There’s the cerebral, conservative, timid and endlessly self-torturing Mark Corrigan, the sort of bloke who muses when he spies a women he once went to school with: “I should speak to her, but what the hell should I say…?  Anything that doesn’t mention I masturbate over her memory is probably good.”  And there’s the dim, carnally-obsessed, self-deluding and relentlessly naïve Jez Usbourne, whose love-life seems to be a mantra of: “Oh God, I think I love her.  I think I’m falling in love.  Or getting a bone-on, which is basically the same thing when you get rid of all the Valentine cards and bullshit.”


While Jez is an unrepentant slacker, Mark has resigned himself to a weary and dreary lifetime of office-work, tax returns, mortgages and bills; and the former spends the show as the latter’s lodger and co-habitant in his pad in the unglamorous southern-London district of Croydon.  Inevitably, there’s friction between the two: “You’re a posh spaz,” Jez accuses Mark at one point.  “Really?  Well, I’d love to know in what way I’m a posh spaz.”  “In the way that you do posh, spazzy things…  Like tidying up and… ironing your socks.”  Or as Jez describes Mark another time: a “fusty, sweater wearing, spirit-crushing no-fly-zone with a ten-foot carrot up his ass.”  But there’s a real sense that neither would survive without the other.


(c) Channel 4


Playing Mark and Jez are the comedy duo David Mitchell and Robert Webb and such is the impact they’ve had in these roles that I find it difficult to accept them doing anything else.  Their BBC2 sketch show That Mitchell and Webb Look, for example, doesn’t quite work for me – because no matter who they’re playing, I keep expecting there to be a flash of lightning and a puff of smoke, and suddenly the pair of them have reverted to being two neurotics from Croydon.

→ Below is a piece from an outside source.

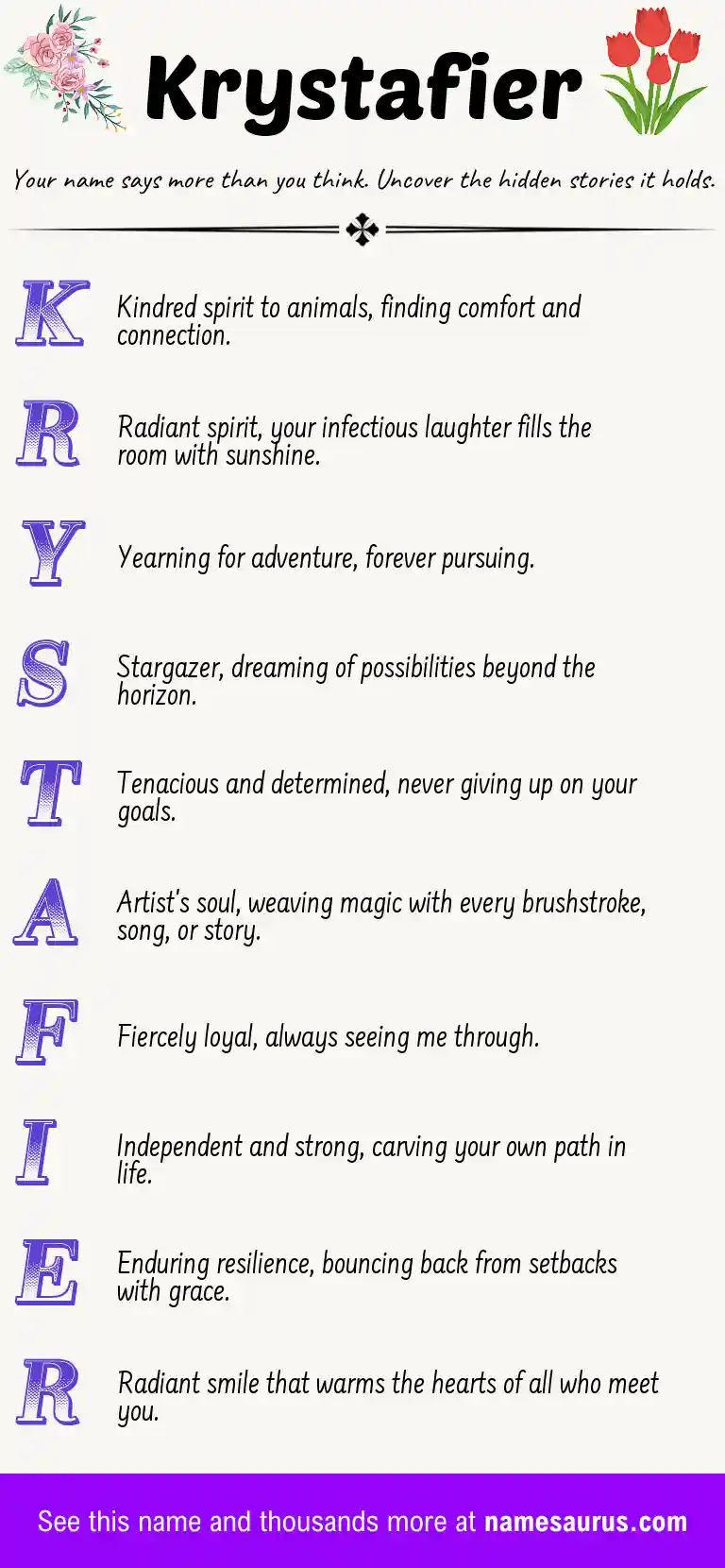 Acrostic poem about Krystafier.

Sitcoms about people living in flats together are ten-a-penny – ranging from the charming old 1970s show The Odd Couple with Tony Randall and Jack Klugman to that 1990s / 2000s epic of smug yuppie ghastliness Friends.  But Peep Show has two distinguishing traits.  Firstly, the audience is frequently treated to point-of-view shots where Mark and Jez peer wearily / cynically at the world around them and their inner thoughts play as voice-overs.  Needless to say, these thoughts are usually angst-ridden in Mark’s case (“How do I feel?  Empty?  Check.  Scared?  Check.  Alone?  Check.  Just another ordinary day…”) and delusional in Jez’s (“I’m definitely the alpha-est male here…  I’m definitely king of the hippie jungle!”)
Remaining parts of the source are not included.